Fez, Kairo, Makah, Damaskus, Baghdad, Kufah, Merv, Granada, dan lain sebagainya adalah pusat-pusat pengetahuan dan peradaban Islam yang kaya-raya dan masyhur kala itu. Para santri Muslim (dan juga non-Muslim) mengembara dari satu kota ke kota lain untuk belajar, berguru dan menuntut ilmu di berbagai bidang dari para suhu yang mumpuni, baik Muslim maupun non-Muslim. Para suhu yang sudah mumpuni pun mereka tidak segan-segan belajar dari para suhu atau guru lain yang dipandang lebih mumpuni dan menguasai ilmu tertentu. Tidak peduli dari agama, mazhab dan aliran apa.

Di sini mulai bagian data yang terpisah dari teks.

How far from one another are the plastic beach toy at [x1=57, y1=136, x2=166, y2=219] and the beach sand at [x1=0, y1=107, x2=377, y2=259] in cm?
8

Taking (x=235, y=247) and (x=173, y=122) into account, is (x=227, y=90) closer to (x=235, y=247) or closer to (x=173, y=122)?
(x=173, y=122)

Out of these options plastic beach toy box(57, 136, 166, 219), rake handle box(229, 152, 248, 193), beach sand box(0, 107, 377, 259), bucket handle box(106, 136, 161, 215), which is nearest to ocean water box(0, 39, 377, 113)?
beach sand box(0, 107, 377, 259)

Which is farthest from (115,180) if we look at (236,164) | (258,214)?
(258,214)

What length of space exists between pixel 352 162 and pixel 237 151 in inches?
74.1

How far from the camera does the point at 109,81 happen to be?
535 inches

Dalam menuntut ilmu, mereka tidak pilah-pilih (“ilmu Islami” dan “ilmu tidak Islami” misalnya) karena bagi mereka semua ilmu yang baik bersumber dari Tuhan. Karena itu jangan heran jika kebanyakan para ilmuwan Muslim pada zaman itu adalah para “ulama polymath” yang mengusai berbagai ilmu pengetahuan dan produktif menulis di berbagai subyek, sangat kontras dengan umumnya para ulama di era “Bitza Hat” ini yang cuma bisa ceramah “ndolal-ndalil” tapi miskin karya akademik.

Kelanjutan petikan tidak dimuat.